Not only the pH, but also alkalinity (TA) is crucial to quantify ocean carbon dioxide uptake during times of global change. Alkalinity can be defined as the excess of hydrogen ion acceptors over donors, and plays a major role in ocean chemistry, in buffering and in calcium carbonate precipitation and dissolution7.

The present study is centered on the Ría de Vigo (NW Spain). It is one of the Galician Rías and, along with the adjacent continental shelf, an integral part of the northern boundary of the Canary Current Upwelling System. This system is recognized as one of the most prominent Eastern Boundary Upwelling Ecosystems globally8. In the summer season, predominant northerly winds drive the movement of surface water away from the coast, facilitating the upwelling of deeper, cooler, nutrient-rich waters. This upwelling process results in a nourishing impact on the coastal waters, providing essential support to biodiversity9. As a coastal zone, processes related to the carbon system are expected to be different from those at the open ocean. Coastal zones are places where land-dominated and ocean-dominated processes coalesce. Hydrological regimes and horizontal flows sustain mechanisms for energy gradients and transfer of materials (nutrients, contaminants and sediments), which makes these areas more vulnerable to pressures resulting from human activities10. Consequently, the processes related to the carbon system in coastal areas are more dynamic and complex compared to those in the open ocean, resulting in larger pH ranges6.

To obtain time series of carbon system parameters, artificial neural networks (NN), a machine learning technique, have been applied in this study . Neural networks with at least one hidden layer have been proven to approximate nearly any function11. Some applications of machine learning in oceanography are: prediction of ocean weather and climate, habitat modelling and distribution, species identification, coastal water monitoring, marine resources management, detection of oil spill, pollution and wave modelling12.

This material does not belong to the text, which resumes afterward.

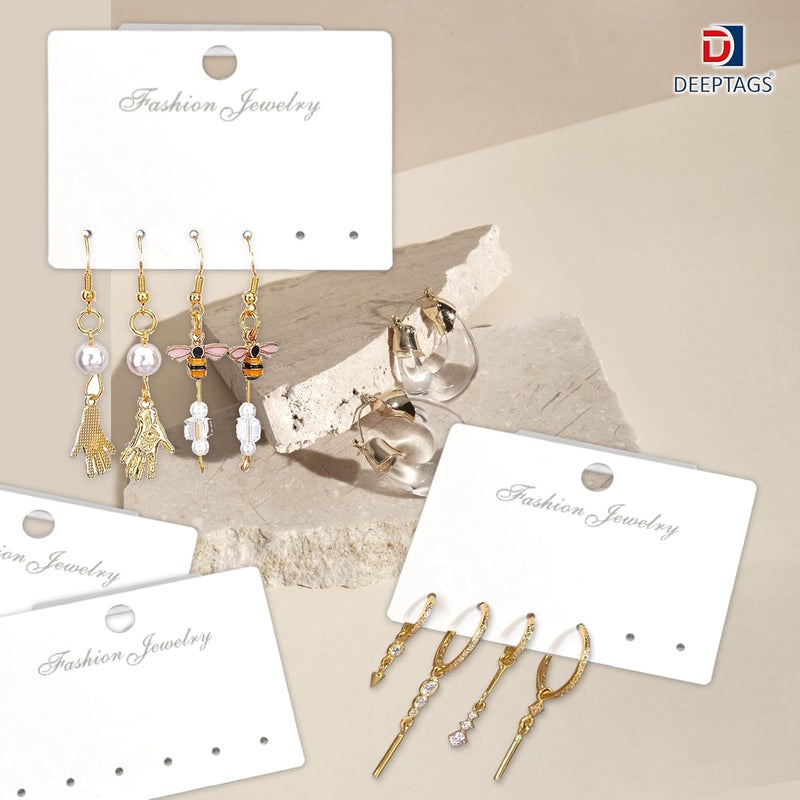 DEEPTAGS Earring Display Card Jewellery Card for Earring Studs Dangle Earrings White 120 PCS 6 x 4 CM - Image 3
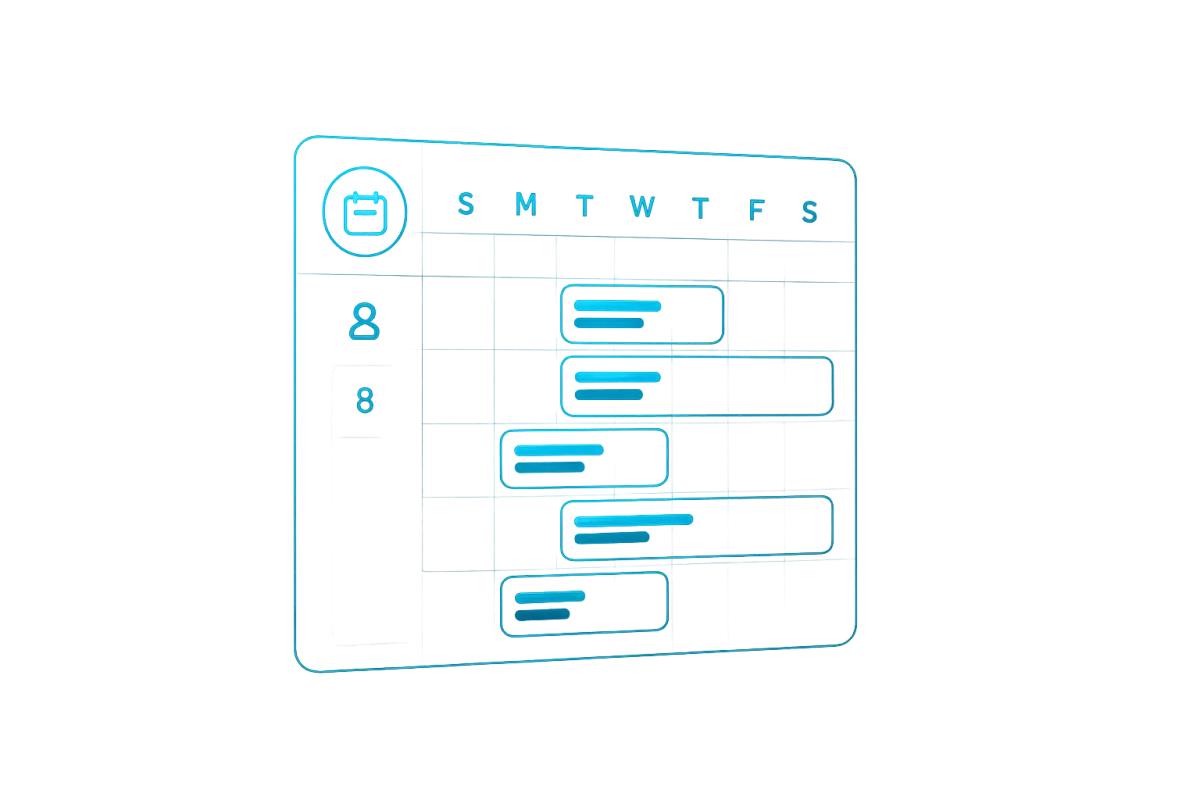 Job booking calendar mockup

While there are different architectures of NN, the simplest one is called feed forward network (FFN), which consists of neurons that are ordered into layers13. The application of FFN to the carbonate system has been widely used to predict variables such as alkalinity, as the work of14 to fill gaps in total alkalinity, and15 to understand the carbon system dynamics in an open ocean. Other studies were centred on yielding global data products, by which the user could obtain results from an already trained FFN, as the ones of16 and17. The approach of16 was lately improved by18 through an ensemble of Bayesian Neural Networks (BNN). Bayesian neural networks describe the parameters by a probability distribution instead of single values19. In the current study a similar approach is going to be taken.

Given the above, it is advisable to employ specially trained neural networks in coastal regions to capture the specific characteristics of the area in question, as global networks are designed for application in the open ocean. Thus, the necessity for a regional study in the area has motivated this research. The present study takes advantage of high quality data of different variables measured in the Ría de Vigo, to train an ensemble of NN in order to obtain time series of pH, total hydrogen ions ([\(\hbox {H}^+\)]), and alkalinity. This will allow for the assessment of ocean acidification in Ría de Vigo over the last decades.

Methods

Data

The data used in this study consists of two differentiated blocks: one to train the neural networks and other to make predictions. The database chosen for the training purpose is called ARIOS (Acidification in the Rías and the Iberian Continental Shelf)20. It was obtained from several oceanographic cruises conducted over four decades, from June 1976 to September 2018, carried out by the Instituto de Investigaciones Marinas (IIM), dependent of the Consejo Superior de Investigaciones Científicas (CSIC). ARIOS database is a compilation of biogeochemical properties, with discrete measurements of temperature, salinity, oxygen, nutrients, alkalinity, pH and chlorophyll. It was selected based on its reliability for long-term analysis. Oceanographic cruises were conducted along the Galician coast, with a special focus on the Ría de Vigo. This study selected data for training from the area between latitudes \(\hbox {42}^{\circ }\) N and \(\hbox {42.35}^{\circ }\) N, and the longitudes between \(\hbox {8.6}^{\circ }\) W and \(\hbox {9.11}^{\circ }\) W, in the upper 50 m of the water column (5755 data points for pH and 3850 for alkalinity). The temporal and data coverage is irregular, preventing the generation of continuous time series data. However, it provides sufficient data for neural networks to establish relationships between drivers, pH and alkalinity. A full description of ARIOS database can be found in20, where the sampling, analytical and quality control techniques are extensively described.

Figure 1
figure 1

Map showing the six stations across Ría de Vigo (from V1 to V6). The color bar represents depth in meters.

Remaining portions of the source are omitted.